The game would have been set in the 41st millennium, well after the Horus Heresy, and all races important to that period in the setting would have been represented, although only one playable race had been announced so far: the Imperium of Man. Details about characters were largely unknown, but it was said that there would be no non-combat classes in the game as this would not fit properly with the background. Players would be able to customize their characters visual appearance with ranged and melee weapons, armor, books, scrolls and chains.

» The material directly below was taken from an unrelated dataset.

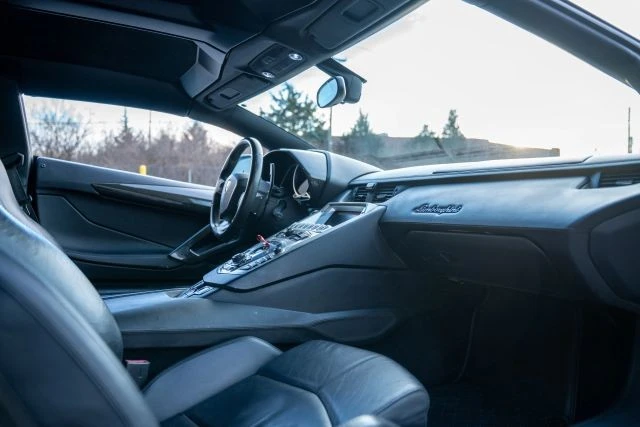 2013 Lamborghini Aventador LP700-4 - Image 18 of 21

Although war and battlefields would have been a large part of Dark Millennium the scope of the game would have included more of the setting than that; Vigil Games’ General Manager David Adams mentions being able to visit "cities (of all scales, types and sizes), exotic alien temples, Chaos shrines, deserted battlefields, mysterious ruins, ancient structures, drifting hulks in space, etc..." and that they would have been populated with all manners of non-player characters.

==Development==

Originally announced in March 2007, further information was released as well as a teaser trailer at E3 2010. Originally planned to be a massively multiplayer online role-playing game, Vigil Games announced that they would be dropping the MMO components of the game in order to focus on a single-player game with a more traditional multiplayer experience.

On December 19, 2012, the publisher THQ, the owner of Vigil Games, filed for Chapter 11 bankruptcy, bringing Dark Millenniums fate into question. THQ's public relations representatives announced that the MMO aspect of the game was ended in March 2012, but not definitively answering if the project as a whole was cancelled. It was later stated in an interview that Dark Millennium had been retooled into a co-operative game with the working title Inquisitor, but that project too was eventually abandoned.